Your instructions: In full and without alteration, output each record given here.

○ ○ ○ ○ ○

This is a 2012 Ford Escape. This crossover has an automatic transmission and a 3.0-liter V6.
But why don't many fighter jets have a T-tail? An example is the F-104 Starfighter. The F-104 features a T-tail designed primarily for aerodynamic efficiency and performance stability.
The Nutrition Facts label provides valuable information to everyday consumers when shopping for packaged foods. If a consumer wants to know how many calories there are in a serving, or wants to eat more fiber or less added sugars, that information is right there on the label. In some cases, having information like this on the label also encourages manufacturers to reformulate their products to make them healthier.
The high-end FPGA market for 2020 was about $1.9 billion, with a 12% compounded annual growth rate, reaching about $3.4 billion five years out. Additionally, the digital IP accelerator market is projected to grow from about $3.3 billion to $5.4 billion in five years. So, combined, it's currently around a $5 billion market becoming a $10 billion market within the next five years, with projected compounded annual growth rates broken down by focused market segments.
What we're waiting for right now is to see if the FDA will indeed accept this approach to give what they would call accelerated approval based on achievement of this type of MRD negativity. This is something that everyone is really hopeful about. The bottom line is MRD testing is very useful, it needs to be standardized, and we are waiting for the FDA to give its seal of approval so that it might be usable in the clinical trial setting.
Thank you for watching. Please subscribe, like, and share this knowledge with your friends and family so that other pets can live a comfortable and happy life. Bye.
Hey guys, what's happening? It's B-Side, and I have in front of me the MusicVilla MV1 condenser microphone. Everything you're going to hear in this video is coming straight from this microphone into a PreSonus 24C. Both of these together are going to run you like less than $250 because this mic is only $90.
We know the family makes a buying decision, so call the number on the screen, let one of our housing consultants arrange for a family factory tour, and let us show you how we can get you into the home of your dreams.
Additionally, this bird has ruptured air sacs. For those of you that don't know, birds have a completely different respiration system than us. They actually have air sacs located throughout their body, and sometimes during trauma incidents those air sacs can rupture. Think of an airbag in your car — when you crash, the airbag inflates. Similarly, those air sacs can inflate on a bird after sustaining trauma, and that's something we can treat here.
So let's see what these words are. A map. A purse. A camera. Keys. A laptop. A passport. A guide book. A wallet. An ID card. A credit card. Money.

○ ○ ○ ○ ○

Solution to this problem:
This is a 2012 Ford Escape. This crossover has an automatic transmission and a 3.0-liter V6.
But why don't many fighter jets have a T-tail? An example is the F-104 Starfighter. The F-104 features a T-tail designed primarily for aerodynamic efficiency and performance stability.
The Nutrition Facts label provides valuable information to everyday consumers when shopping for packaged foods. If a consumer wants to know how many calories there are in a serving, or wants to eat more fiber or less added sugars, that information is right there on the label. In some cases, having information like this on the label also encourages manufacturers to reformulate their products to make them healthier.
The high-end FPGA market for 2020 was about $1.9 billion, with a 12% compounded annual growth rate, reaching about $3.4 billion five years out. Additionally, the digital IP accelerator market is projected to grow from about $3.3 billion to $5.4 billion in five years. So, combined, it's currently around a $5 billion market becoming a $10 billion market within the next five years, with projected compounded annual growth rates broken down by focused market segments.
What we're waiting for right now is to see if the FDA will indeed accept this approach to give what they would call accelerated approval based on achievement of this type of MRD negativity. This is something that everyone is really hopeful about. The bottom line is MRD testing is very useful, it needs to be standardized, and we are waiting for the FDA to give its seal of approval so that it might be usable in the clinical trial setting.
Thank you for watching. Please subscribe, like, and share this knowledge with your friends and family so that other pets can live a comfortable and happy life. Bye.
Hey guys, what's happening? It's B-Side, and I have in front of me the MusicVilla MV1 condenser microphone. Everything you're going to hear in this video is coming straight from this microphone into a PreSonus 24C. Both of these together are going to run you like less than $250 because this mic is only $90.
We know the family makes a buying decision, so call the number on the screen, let one of our housing consultants arrange for a family factory tour, and let us show you how we can get you into the home of your dreams.
Additionally, this bird has ruptured air sacs. For those of you that don't know, birds have a completely different respiration system than us. They actually have air sacs located throughout their body, and sometimes during trauma incidents those air sacs can rupture. Think of an airbag in your car — when you crash, the airbag inflates. Similarly, those air sacs can inflate on a bird after sustaining trauma, and that's something we can treat here.
So let's see what these words are. A map. A purse. A camera. Keys. A laptop. A passport. A guide book. A wallet. An ID card. A credit card. Money.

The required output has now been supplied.